Paul Claudel à André Gide, 2 juin 1910.

Un siècle d’édition

« La NRF n’a jamais été autre chose que le contraire d’un mouvement doctrinaire ou dogmatique. Qu’y avait-il en effet de commun sur le plan des idées ou sur celui de l’actualité de jadis, entre Gide, Claudel, Valéry, Fargue, Apollinaire ou Paulhan ? En 1925-1930, la NRF n’était pas surréaliste mais elle publiait Eluard, Breton, Desnos ; en 1945, elle n’était pas existentialiste, mais elle a publié Sartre, Camus, Merleau-Ponty. En 1950-1960, la NRF n’était pas dépositaire du "nouveau roman", mais elle a publié Nathalie Sarraute, Michel Butor et Marguerite Duras. Aujourd’hui elle n’est ni structuraliste, ni spatialiste, ni telqueliste, mais elle publie Michel Foucault... » Claude Gallimard

1909-1911. De la revue aux Éditions

Les premiers livres des Éditions de la Nouvelle Revue française paraissent en juin 1911 : L’Otage de Paul Claudel, Isabelle d’André Gide et La Mère et l’enfant de Charles-Louis Philippe, bientôt suivis des Éloges de Saintleger Leger, futur Saint-John Perse.
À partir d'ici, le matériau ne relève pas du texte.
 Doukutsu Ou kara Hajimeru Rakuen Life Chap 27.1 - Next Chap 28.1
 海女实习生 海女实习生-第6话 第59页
1911-1919. Le comptoir d’édition

La proximité entre la revue et la maison d’édition est fructueuse. Le catalogue des Éditions s’enrichit d’auteurs de La NRF (Gide, Claudel, Leger, Fargue, Rivière, Larbaud, Suarès, J. Romains, Bloch…) comme d’écrivains venus directement à elles, à l’image de Drieu la Rochelle ou de l’ami Roger Martin du Gard, l’auteur de Jean Barois, indéfectible trait d’union entre Gide et Gaston Gallimard.
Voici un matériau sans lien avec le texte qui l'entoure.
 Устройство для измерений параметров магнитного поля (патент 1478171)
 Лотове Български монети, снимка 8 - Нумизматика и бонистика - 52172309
1919-1939. La double enseigne

Les années d’entre-deux-guerres voient s’élargir le spectre éditorial de la Maison avec la création de nombreuses collections : « Les Peintres nouveaux », « Les Documents bleus », « Bibliothèque des idées », « Les Essais », « Vie des hommes illustres », « Du Monde entier »...
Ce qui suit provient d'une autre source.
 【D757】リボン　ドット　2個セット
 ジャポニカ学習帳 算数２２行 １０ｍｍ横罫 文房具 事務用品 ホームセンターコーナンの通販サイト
1939-1945. Les années sombres

Repliées en septembre 1939 dans la Manche, les équipes des Éditions se dispersent durant l’exode, les Gallimard et les Paulhan passant l’été 1940 à Carcassonne chez l’écrivain Joë Bousquet. La publication de La NRF est alors interrompue. Gaston Gallimard décide de revenir à Paris en octobre 1940 afin d’éviter une mise sous séquestre de sa société.

1946-1970. D’un Gallimard l’autre

La mort d’André Gide en 1951 marque une rupture. Les frères Gallimard ont installé leurs fils au sein de la Maison. Mais une sévère crise de succession éclate au milieu des années 1950, tandis que l’entreprise est déjà entre les mains de Claude, le fils de Gaston. La mort accidentelle de Michel Gallimard, fils de Raymond, et d’Albert Camus en 1961 met un terme tragique à cette querelle.

1970-2011. Une nouvelle donne éditoriale

À la mort de son fondateur, le jour de Noël 1975, Gallimard est une maison convoitée. Claude doit continuer à développer l’entreprise familiale et fait entrer ses quatre enfants dans l’entreprise. C’est à son fils cadet, Antoine, qu’il en confiera la présidence en 1988, lequel saura en préserver l’indépendance en dépit d’une crise familiale.

1972-2011. De la jeunesse chez Gallimard

De Macao et Cosmage au Petit Prince, en passant par Les Contes du chat perché, la NRF tient une place singulière dans l’édition pour la jeunesse depuis les années 1930. Mais c’est en 1972 qu’un véritable tournant a lieu, avec l’arrivée de Pierre Marchand, éditeur visionnaire, et de son complice Jean-Olivier Héron dans l’effectif de Gallimard.